■ **Work request**
From the first line to the last, print the material exactly, skipping the pictures.

::::::::

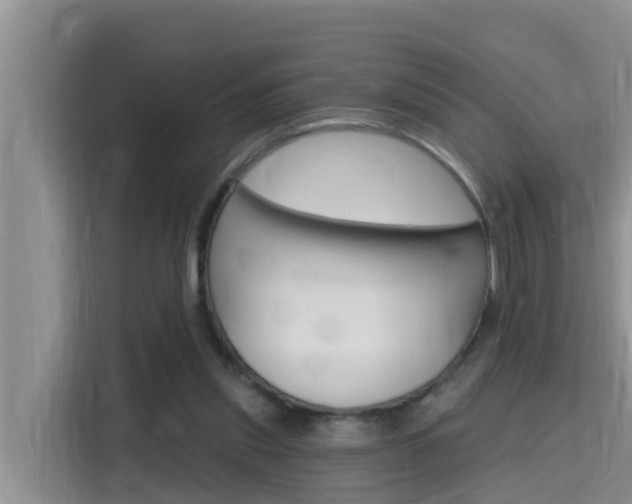 X0000115610253200911100937
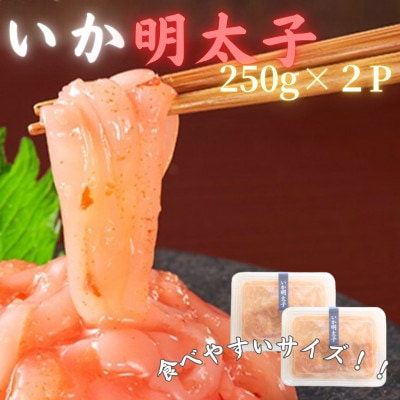 【博多の珍味】いか明太子(250g×2p)(川崎町)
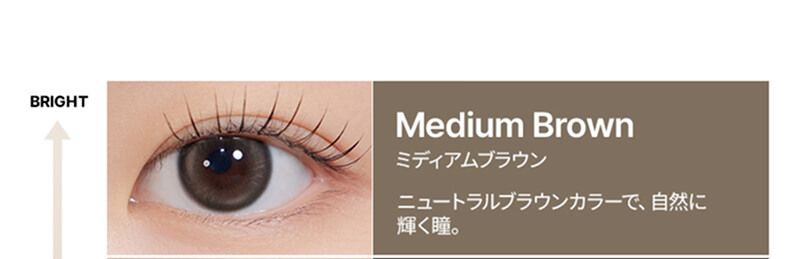 ミディアムブラウン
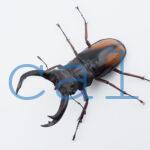 Hexarthrius parryi elongatus2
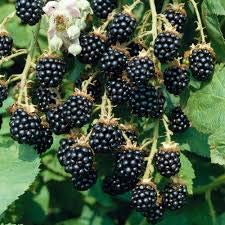 25 Dewberry Fruit Seeds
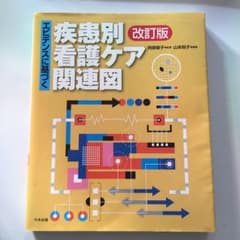 エビデンスに基づく疾患別看護ケア関連図のサムネイル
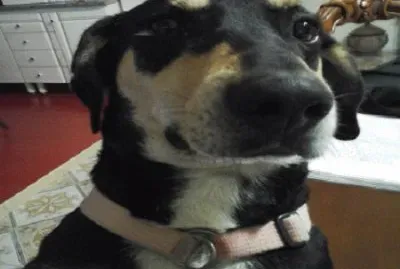 Selfie :D jigsaw puzzle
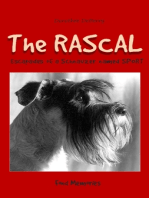 The Rascal: Escapades of a Schnauzer named SPORT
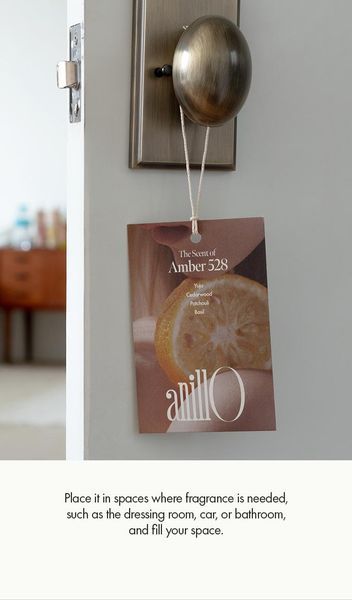 Парфумоване саше ANILLO Amber 528 Perfume Sachet 7 г 2746904032 фото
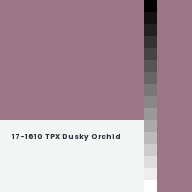 Color chip: 17-1610 TPX Dusky Orchid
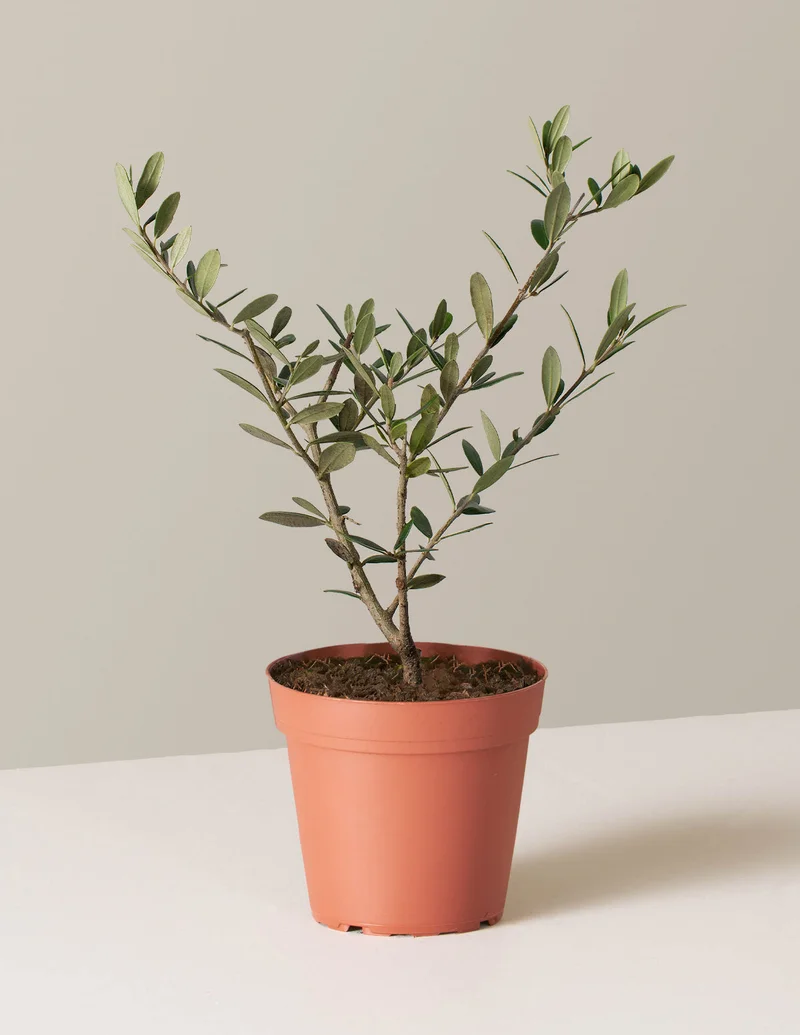 Image of Olive Tree
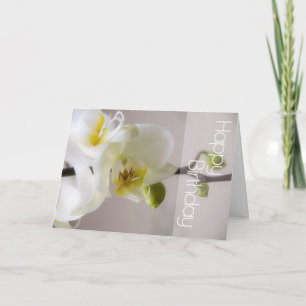 Cartão de Aniversário da Orquídea Branca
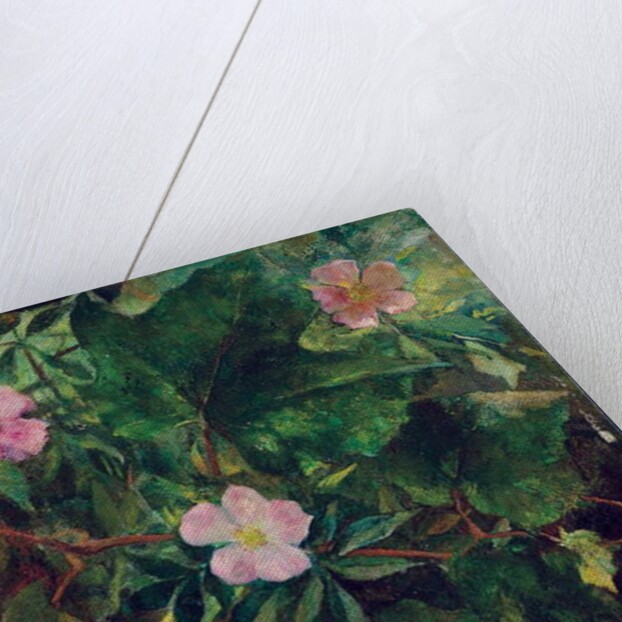 Wild Rose and Grape Vine, Study From Nature, 1871 by John La Farge or Lafarge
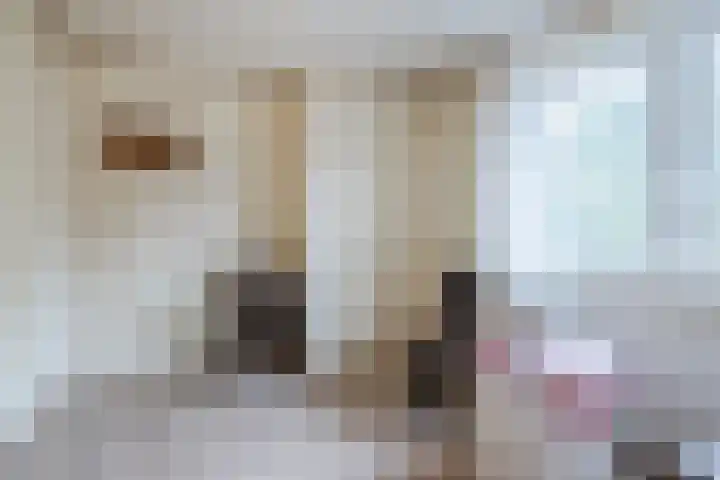 Deken Franssenstraat 9 Veghel thumbnail 28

::::::::

■ **Output of the exercise**
 X0000115610253200911100937
 【博多の珍味】いか明太子(250g×2p)(川崎町)
 ミディアムブラウン
 Hexarthrius parryi elongatus2
 25 Dewberry Fruit Seeds
 エビデンスに基づく疾患別看護ケア関連図のサムネイル
 Selfie :D jigsaw puzzle
 The Rascal: Escapades of a Schnauzer named SPORT
 Парфумоване саше ANILLO Amber 528 Perfume Sachet 7 г 2746904032 фото
 Color chip: 17-1610 TPX Dusky Orchid
 Image of Olive Tree
 Cartão de Aniversário da Orquídea Branca
 Wild Rose and Grape Vine, Study From Nature, 1871 by John La Farge or Lafarge
 Deken Franssenstraat 9 Veghel thumbnail 28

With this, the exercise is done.